**Task brief:** The entries underneath need to be duplicated exactly, with none omitted.

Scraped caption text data
-- Opening Marker --
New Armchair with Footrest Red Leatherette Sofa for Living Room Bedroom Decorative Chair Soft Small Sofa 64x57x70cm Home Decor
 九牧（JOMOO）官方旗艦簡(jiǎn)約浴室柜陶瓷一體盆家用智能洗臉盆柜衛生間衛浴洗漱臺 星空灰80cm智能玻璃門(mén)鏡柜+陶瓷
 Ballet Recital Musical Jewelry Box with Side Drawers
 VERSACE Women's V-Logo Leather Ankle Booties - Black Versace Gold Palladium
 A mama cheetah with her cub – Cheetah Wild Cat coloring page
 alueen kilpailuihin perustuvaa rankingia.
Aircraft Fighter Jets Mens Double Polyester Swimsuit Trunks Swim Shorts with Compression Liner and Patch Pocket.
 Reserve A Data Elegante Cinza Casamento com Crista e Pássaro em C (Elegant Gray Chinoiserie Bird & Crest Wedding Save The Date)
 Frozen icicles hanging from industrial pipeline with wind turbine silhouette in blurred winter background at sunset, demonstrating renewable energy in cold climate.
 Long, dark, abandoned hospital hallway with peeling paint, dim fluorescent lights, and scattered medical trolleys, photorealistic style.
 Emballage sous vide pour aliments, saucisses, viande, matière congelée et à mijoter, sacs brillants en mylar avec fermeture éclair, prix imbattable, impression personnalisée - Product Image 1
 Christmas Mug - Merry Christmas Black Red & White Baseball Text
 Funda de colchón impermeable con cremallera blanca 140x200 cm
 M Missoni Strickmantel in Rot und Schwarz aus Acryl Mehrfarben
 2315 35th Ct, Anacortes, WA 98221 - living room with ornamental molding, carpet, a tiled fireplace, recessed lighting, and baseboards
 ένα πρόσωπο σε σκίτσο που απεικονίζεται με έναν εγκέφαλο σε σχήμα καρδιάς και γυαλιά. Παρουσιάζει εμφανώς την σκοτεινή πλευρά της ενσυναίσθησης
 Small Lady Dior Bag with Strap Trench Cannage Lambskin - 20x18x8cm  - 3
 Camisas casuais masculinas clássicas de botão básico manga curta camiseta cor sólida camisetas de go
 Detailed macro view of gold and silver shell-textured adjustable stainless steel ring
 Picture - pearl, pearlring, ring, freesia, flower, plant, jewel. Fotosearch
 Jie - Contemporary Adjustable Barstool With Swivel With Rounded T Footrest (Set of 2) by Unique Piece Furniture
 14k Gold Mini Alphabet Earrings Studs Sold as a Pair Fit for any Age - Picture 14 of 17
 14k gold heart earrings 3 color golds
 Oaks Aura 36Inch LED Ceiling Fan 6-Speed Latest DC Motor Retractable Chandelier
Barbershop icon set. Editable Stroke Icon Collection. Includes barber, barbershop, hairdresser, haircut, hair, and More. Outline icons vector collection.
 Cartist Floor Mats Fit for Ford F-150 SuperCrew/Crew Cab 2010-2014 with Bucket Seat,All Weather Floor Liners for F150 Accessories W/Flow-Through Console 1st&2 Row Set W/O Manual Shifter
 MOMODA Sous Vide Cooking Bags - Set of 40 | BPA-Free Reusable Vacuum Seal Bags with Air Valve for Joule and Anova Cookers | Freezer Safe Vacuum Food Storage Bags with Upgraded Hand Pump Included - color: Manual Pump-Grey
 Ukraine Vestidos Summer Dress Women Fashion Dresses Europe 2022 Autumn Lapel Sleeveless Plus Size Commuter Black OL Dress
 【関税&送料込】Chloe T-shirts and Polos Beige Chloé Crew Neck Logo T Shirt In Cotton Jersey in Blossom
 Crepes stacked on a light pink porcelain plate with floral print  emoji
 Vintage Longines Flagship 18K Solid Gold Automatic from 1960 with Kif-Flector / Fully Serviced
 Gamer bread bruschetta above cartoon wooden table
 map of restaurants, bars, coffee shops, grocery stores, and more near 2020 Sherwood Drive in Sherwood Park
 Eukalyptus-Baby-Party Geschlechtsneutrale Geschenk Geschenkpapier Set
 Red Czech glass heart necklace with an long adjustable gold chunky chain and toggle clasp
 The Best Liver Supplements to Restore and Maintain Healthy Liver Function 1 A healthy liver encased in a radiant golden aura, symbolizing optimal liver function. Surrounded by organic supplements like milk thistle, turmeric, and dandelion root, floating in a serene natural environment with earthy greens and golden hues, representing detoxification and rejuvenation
-- Closing Marker --
**Exercise solution:**
New Armchair with Footrest Red Leatherette Sofa for Living Room Bedroom Decorative Chair Soft Small Sofa 64x57x70cm Home Decor
 九牧（JOMOO）官方旗艦簡(jiǎn)約浴室柜陶瓷一體盆家用智能洗臉盆柜衛生間衛浴洗漱臺 星空灰80cm智能玻璃門(mén)鏡柜+陶瓷
 Ballet Recital Musical Jewelry Box with Side Drawers
 VERSACE Women's V-Logo Leather Ankle Booties - Black Versace Gold Palladium
 A mama cheetah with her cub – Cheetah Wild Cat coloring page
 alueen kilpailuihin perustuvaa rankingia.
Aircraft Fighter Jets Mens Double Polyester Swimsuit Trunks Swim Shorts with Compression Liner and Patch Pocket.
 Reserve A Data Elegante Cinza Casamento com Crista e Pássaro em C (Elegant Gray Chinoiserie Bird & Crest Wedding Save The Date)
 Frozen icicles hanging from industrial pipeline with wind turbine silhouette in blurred winter background at sunset, demonstrating renewable energy in cold climate.
 Long, dark, abandoned hospital hallway with peeling paint, dim fluorescent lights, and scattered medical trolleys, photorealistic style.
 Emballage sous vide pour aliments, saucisses, viande, matière congelée et à mijoter, sacs brillants en mylar avec fermeture éclair, prix imbattable, impression personnalisée - Product Image 1
 Christmas Mug - Merry Christmas Black Red & White Baseball Text
 Funda de colchón impermeable con cremallera blanca 140x200 cm
 M Missoni Strickmantel in Rot und Schwarz aus Acryl Mehrfarben
 2315 35th Ct, Anacortes, WA 98221 - living room with ornamental molding, carpet, a tiled fireplace, recessed lighting, and baseboards
 ένα πρόσωπο σε σκίτσο που απεικονίζεται με έναν εγκέφαλο σε σχήμα καρδιάς και γυαλιά. Παρουσιάζει εμφανώς την σκοτεινή πλευρά της ενσυναίσθησης
 Small Lady Dior Bag with Strap Trench Cannage Lambskin - 20x18x8cm  - 3
 Camisas casuais masculinas clássicas de botão básico manga curta camiseta cor sólida camisetas de go
 Detailed macro view of gold and silver shell-textured adjustable stainless steel ring
 Picture - pearl, pearlring, ring, freesia, flower, plant, jewel. Fotosearch
 Jie - Contemporary Adjustable Barstool With Swivel With Rounded T Footrest (Set of 2) by Unique Piece Furniture
 14k Gold Mini Alphabet Earrings Studs Sold as a Pair Fit for any Age - Picture 14 of 17
 14k gold heart earrings 3 color golds
 Oaks Aura 36Inch LED Ceiling Fan 6-Speed Latest DC Motor Retractable Chandelier
Barbershop icon set. Editable Stroke Icon Collection. Includes barber, barbershop, hairdresser, haircut, hair, and More. Outline icons vector collection.
 Cartist Floor Mats Fit for Ford F-150 SuperCrew/Crew Cab 2010-2014 with Bucket Seat,All Weather Floor Liners for F150 Accessories W/Flow-Through Console 1st&2 Row Set W/O Manual Shifter
 MOMODA Sous Vide Cooking Bags - Set of 40 | BPA-Free Reusable Vacuum Seal Bags with Air Valve for Joule and Anova Cookers | Freezer Safe Vacuum Food Storage Bags with Upgraded Hand Pump Included - color: Manual Pump-Grey
 Ukraine Vestidos Summer Dress Women Fashion Dresses Europe 2022 Autumn Lapel Sleeveless Plus Size Commuter Black OL Dress
 【関税&送料込】Chloe T-shirts and Polos Beige Chloé Crew Neck Logo T Shirt In Cotton Jersey in Blossom
 Crepes stacked on a light pink porcelain plate with floral print  emoji
 Vintage Longines Flagship 18K Solid Gold Automatic from 1960 with Kif-Flector / Fully Serviced
 Gamer bread bruschetta above cartoon wooden table
 map of restaurants, bars, coffee shops, grocery stores, and more near 2020 Sherwood Drive in Sherwood Park
 Eukalyptus-Baby-Party Geschlechtsneutrale Geschenk Geschenkpapier Set
 Red Czech glass heart necklace with an long adjustable gold chunky chain and toggle clasp
 The Best Liver Supplements to Restore and Maintain Healthy Liver Function 1 A healthy liver encased in a radiant golden aura, symbolizing optimal liver function. Surrounded by organic supplements like milk thistle, turmeric, and dandelion root, floating in a serene natural environment with earthy greens and golden hues, representing detoxification and rejuvenation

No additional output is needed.